由于您已经将“最先进的系统”视为正确性的基准,因此计算反转应该为您提供排名“相似性”的基本衡量标准。
当然,这只是一个入门方法,但您可以在此基础上根据“反转间隙”等的严格程度进行构建。

    D1 D2 D3 D4 D5 D6
    -----------------
R1: 1, 7, 4, 5, 8, 9  [Rankings from 'state of the art' system]
R2: 1, 7, 5, 4, 9, 6  [ your Rankings]

由于排名是按文档顺序排列的,您可以根据 R1 编写自己的比较器函数(排名“最先进的系统”,因此计算与该比较器相比的反转,

您可以对找到的每个反转进行“惩罚”:i < j but R2[i]。 >'R2[j]
>'在这里您使用自己的比较器)

您可能会发现有用的链接:
链接1
链接2
Link3

As you said, you want to compute how similar one list is to the other. I think simplistically, you can start by counting the number of Inversions. There's a O(NlogN) divide and conquer approach to this. It is a very simple approach to measure the "similarity" between two lists.

e.g. you want to compare how 'similar' the music tastes are for two persons on a music website, you take their rankings of a set of songs and count the no. of inversions in it. Lesser the count, more 'similar' their taste is.

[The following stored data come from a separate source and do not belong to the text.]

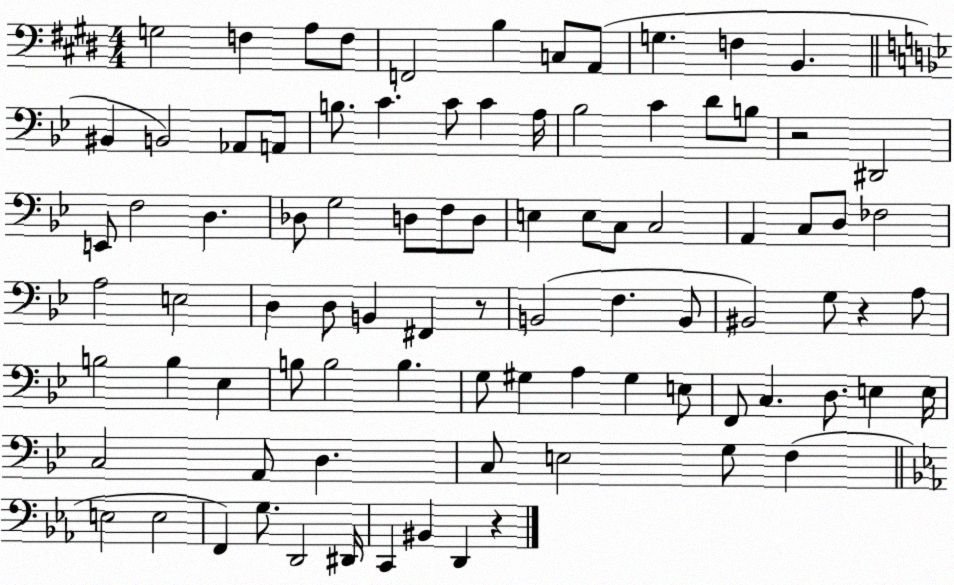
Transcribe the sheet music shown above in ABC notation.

X:1
T:Untitled
M:4/4
L:1/4
K:E
G,2 F, A,/2 F,/2 F,,2 B, C,/2 A,,/2 G, F, B,, ^B,, B,,2 _A,,/2 A,,/2 B,/2 C C/2 C A,/4 _B,2 C D/2 B,/2 z2 ^D,,2 E,,/2 F,2 D, _D,/2 G,2 D,/2 F,/2 D,/2 E, E,/2 C,/2 C,2 A,, C,/2 D,/2 _F,2 A,2 E,2 D, D,/2 B,, ^F,, z/2 B,,2 F, B,,/2 ^B,,2 G,/2 z A,/2 B,2 B, _E, B,/2 B,2 B, G,/2 ^G, A, ^G, E,/2 F,,/2 C, D,/2 E, E,/4 C,2 A,,/2 D, C,/2 E,2 G,/2 F, E,2 E,2 F,, G,/2 D,,2 ^D,,/4 C,, ^B,, D,, z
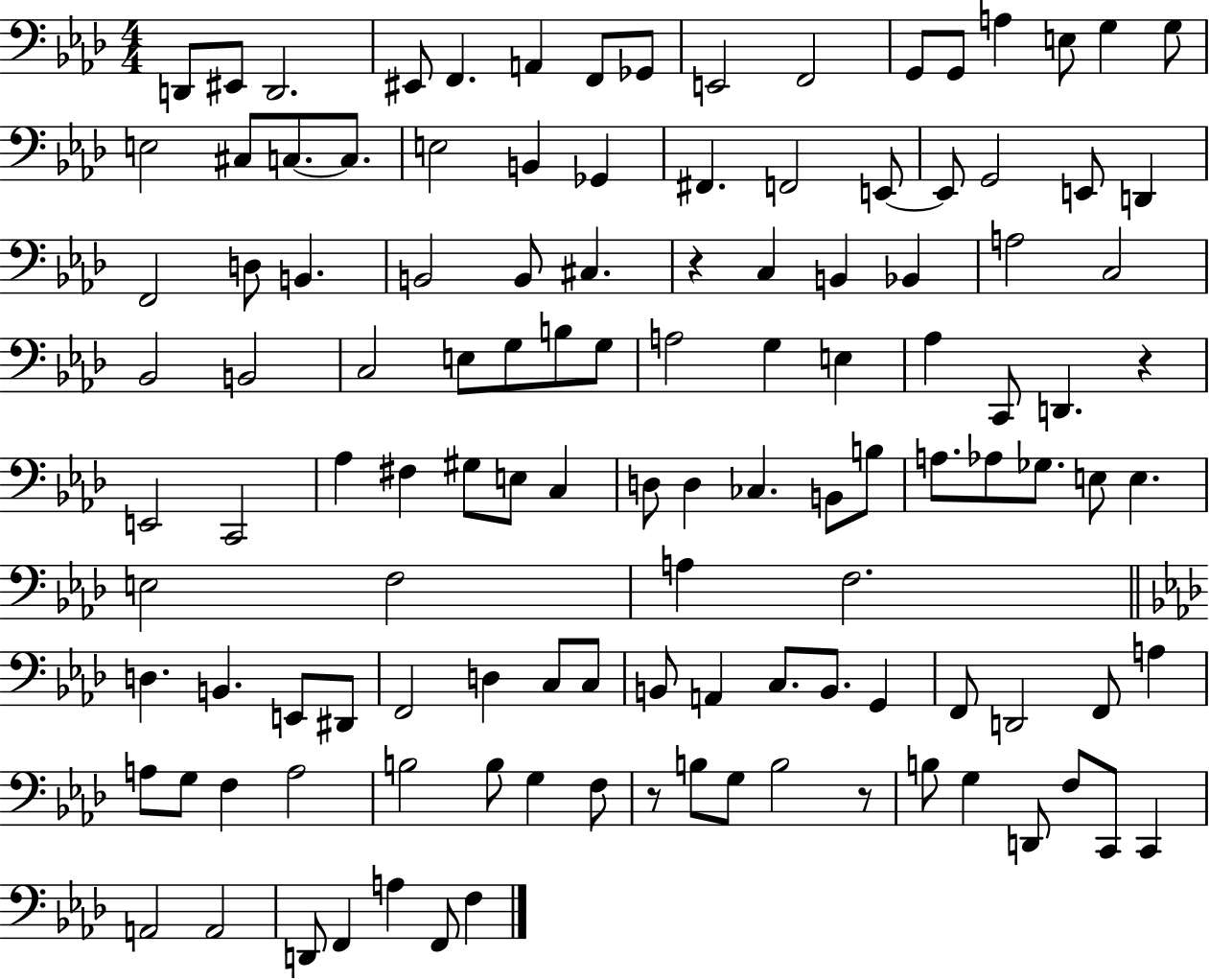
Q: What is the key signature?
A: AES major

since you are already considering the "state of the art system" to be a benchmark of correctness, counting Inversions should give you a basic measure of 'similarity' of your ranking.
Of course this is just a starters approach, but you can build on it as how strict you want to be with the "inversion gap" etc.

    D1 D2 D3 D4 D5 D6
    -----------------
R1: 1, 7, 4, 5, 8, 9  [Rankings from 'state of the art' system]
R2: 1, 7, 5, 4, 9, 6  [ your Rankings]

Since rankings are in order of documents you can write your own comparator function based on R1 (ranking of the "state of the art system" and hence count the inversions comparing to that comparator.

You can "penalize" 'similarity' for each inversions found: i < j but R2[i] >' R2[j]
( >' here you use your own comparator)

Links you may find useful:
Link1
Link2
Link3

帅气称霸 2025-01-14 08:45:07

实际上,我知道为此目的有四种不同的措施。

已经提到了三个:

  • NDCG
  • Kendall's Tau
  • Spearman's Rho

但如果您有两个以上的等级需要比较,请使用 肯德尔的W。

I actually know four different measures for that purpose.

Three have already been mentioned:

  • NDCG
  • Kendall's Tau
  • Spearman's Rho

But if you have more than two ranks that have to be compared, use Kendall's W.

久伴你 2025-01-14 08:45:07

除了已经说过的内容之外,我想向您指出以下优秀论文: W. Webber 等人,不定排名的相似性度量(2010)。除了对现有度量(例如上述 Kendall Tau 和 Spearman 的尺规)进行了很好的回顾之外,作者还提出了一种直观且有吸引力的概率度量,该度量适用于不同长度的结果列表以及并非所有项目都出现在两个列表中的情况。粗略地说,它由用户在检查了项目k之后扫描项目k+1(而不是放弃)的“持续”概率p来参数化。 排名偏差重叠 (RBO) 是用户停止阅读时结果的预期重叠率。

RBO 的实现稍微复杂一些;您可以查看 Apache Pig 中的实现 此处

另一个简单的度量是余弦相似度,即两个向量之间的余弦,其维度对应于项目,并以逆排名作为权重。但是,它不能优雅地处理仅出现在列表之一中的项目(请参阅上面链接中的实现)。

  1. 对于列表 1 中的每个项目 i,令 h_1(i) = 1/rank_1(i)。对于列表 2 中未出现在列表 1 中的每个项目 i,令 h_1(i) = 0。对列表 2 的 h_2 执行相同操作。
  2. 计算 v12 = sum_i h_1(i) * h_2(i); v11 = sum_i h_1(i) * h_1(i); v22 = sum_i h_2(i) * h_2(i)
  3. Return v12 / sqrt(v11 * v22)

对于您的示例,这给出的值为 0.7252747。

除了您当前的问题之外,请让我给您一些实用的建议。除非你的“生产系统”基线是完美的(或者我们正在处理黄金套装),否则比较质量度量(例如上面提到的 nDCG)几乎总是比相似性更好;新的排名有时会比基准更好,有时会更差,并且您想知道前一种情况是否比后者更频繁地发生。其次,相似性度量在绝对尺度上的解释并不是微不足道的。例如,如果您得到的相似度得分为 0.72,这是否意味着它确实相似或显着不同?相似性度量更有助于说明新的排序方法 1 比另一种新的排序方法 2 更接近生产。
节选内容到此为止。